WHAT YOU NEED TO DO.
Write out each entry below exactly; the images do not belong in your copy.
· · · ·
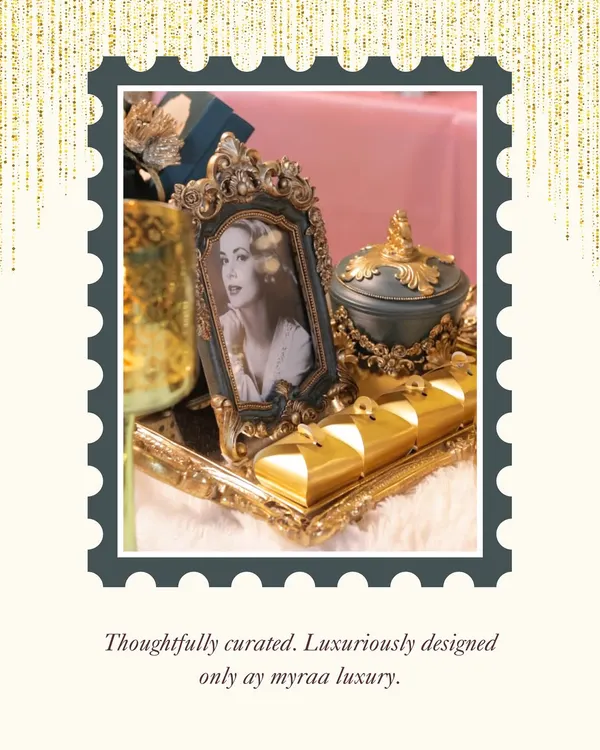 This graphic showcases some of my favorite curated pieces. An antique-style photo frame and ornate jars, thoughtfully selected and luxuriously designed to be timeless keepsakes.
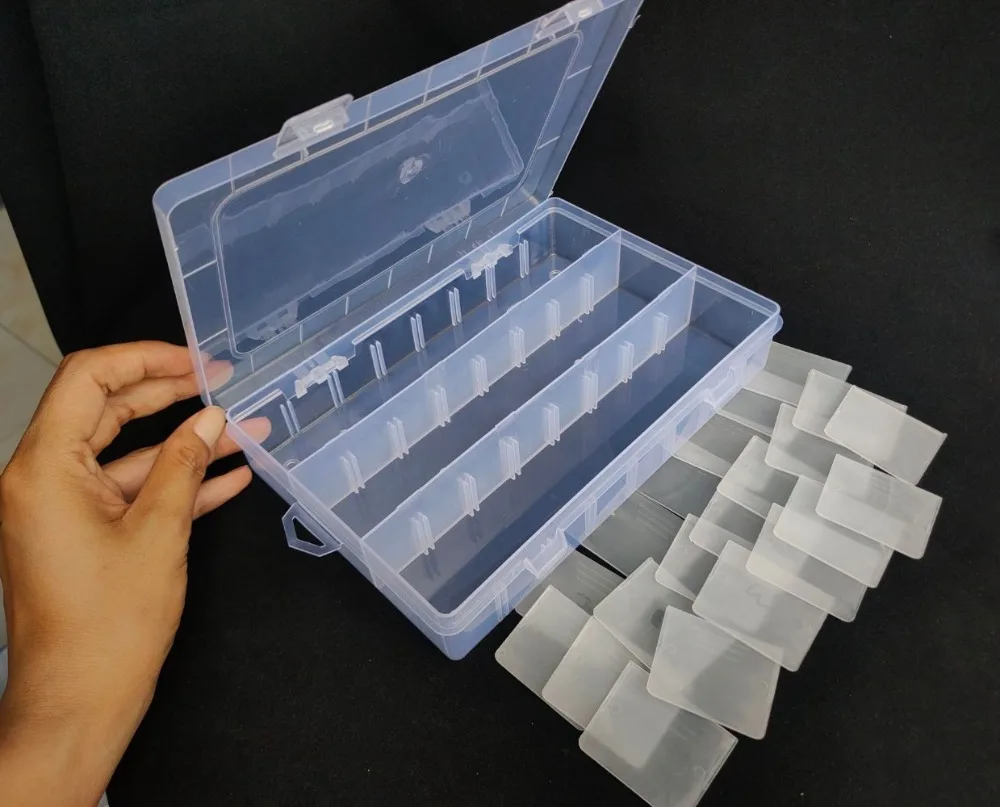 24-Fächer Farbige Tragbare Schmuck- und Werkzeugaufbewahrungsbox Behälter für Ringe, Elektronikteile, Schrauben, Perlen Organizer Plastikbox – Detail 6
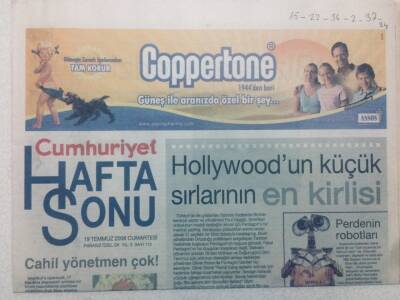 Cumhuriyet Gazetesi Hafta Sonu Eki - 19 Temmuz 2008 - Cahil Yönetmen Çok GZ46594 - 1
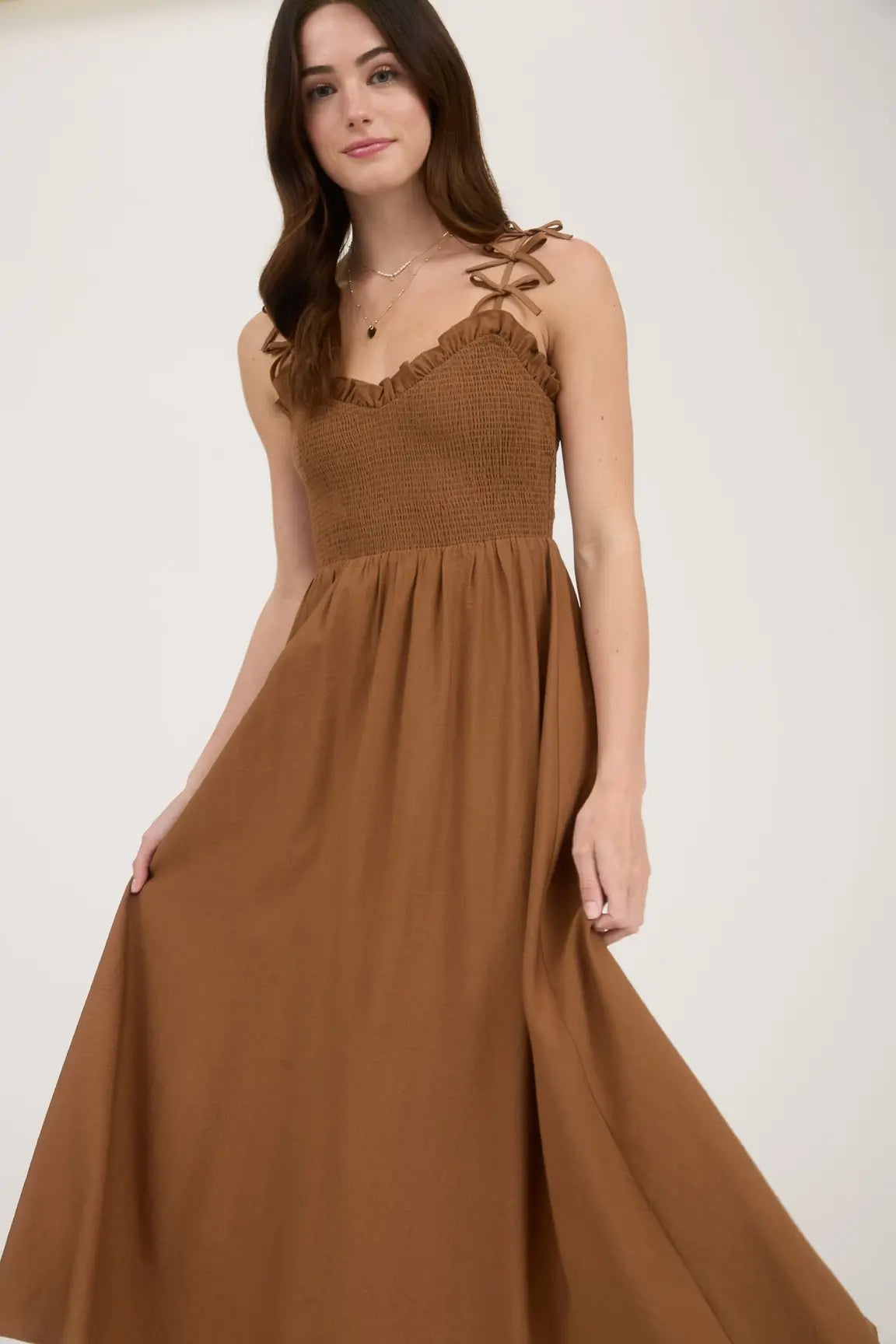BOW STRAP SMOCKED MIDI DRESS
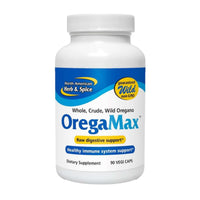OregaMax Wild Whole Herb Oregano Capsules bottle, a dietary supplement for immune support and digestive health.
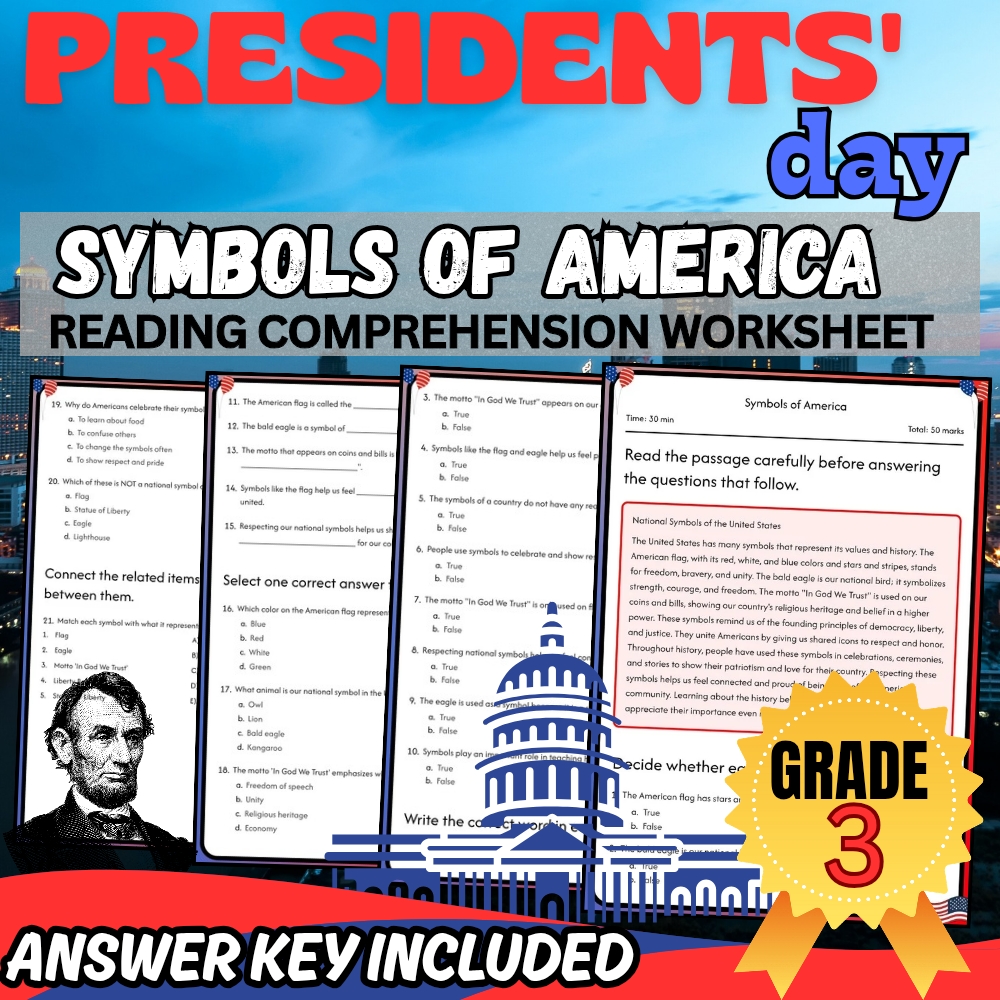 Grade 3 Presidents' Day Bundle Holiday & U.S. History Worksheets for Classrooms — included worksheet 1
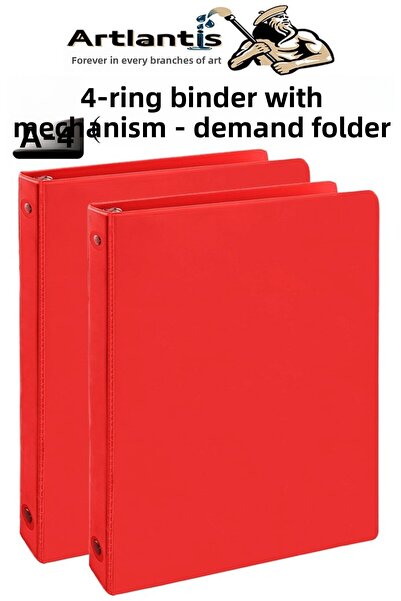 Artlantis Dosar roșu cu 4 inele, 2 bucăți, A4, din PVC, pentru studenți și bi...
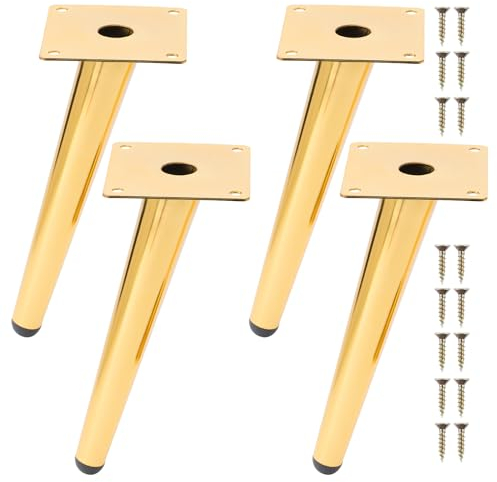 NAKUPENDA Möbelfüße 4 Stück Metallbeine für Möbel Möbelbeine Kegel Schräg Möbelfüße Tischbeine Schrankfüße DIY für Schrank Stuhl Couchtisch (20cm Höhe,Goldene)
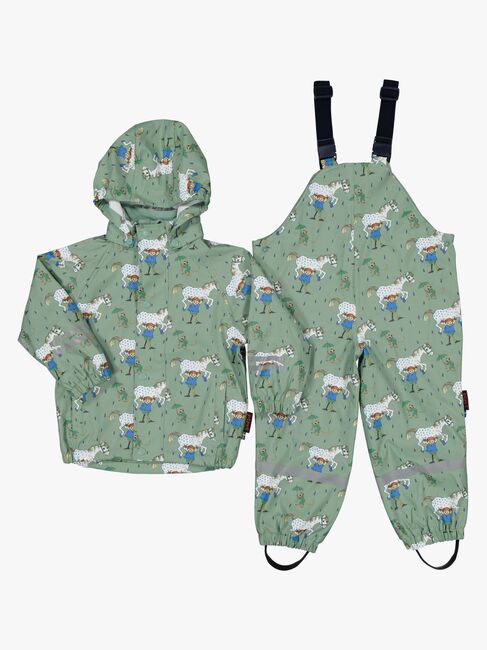 Geggamoja  Fodrat Regnställ Pippi Långstrump, Grön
· · · ·
SOLUTION TO THIS PROBLEM.
 This graphic showcases some of my favorite curated pieces. An antique-style photo frame and ornate jars, thoughtfully selected and luxuriously designed to be timeless keepsakes.
 24-Fächer Farbige Tragbare Schmuck- und Werkzeugaufbewahrungsbox Behälter für Ringe, Elektronikteile, Schrauben, Perlen Organizer Plastikbox – Detail 6
 Cumhuriyet Gazetesi Hafta Sonu Eki - 19 Temmuz 2008 - Cahil Yönetmen Çok GZ46594 - 1
BOW STRAP SMOCKED MIDI DRESS
OregaMax Wild Whole Herb Oregano Capsules bottle, a dietary supplement for immune support and digestive health.
 Grade 3 Presidents' Day Bundle Holiday & U.S. History Worksheets for Classrooms — included worksheet 1
 Artlantis Dosar roșu cu 4 inele, 2 bucăți, A4, din PVC, pentru studenți și bi...
 NAKUPENDA Möbelfüße 4 Stück Metallbeine für Möbel Möbelbeine Kegel Schräg Möbelfüße Tischbeine Schrankfüße DIY für Schrank Stuhl Couchtisch (20cm Höhe,Goldene)
 Geggamoja  Fodrat Regnställ Pippi Långstrump, Grön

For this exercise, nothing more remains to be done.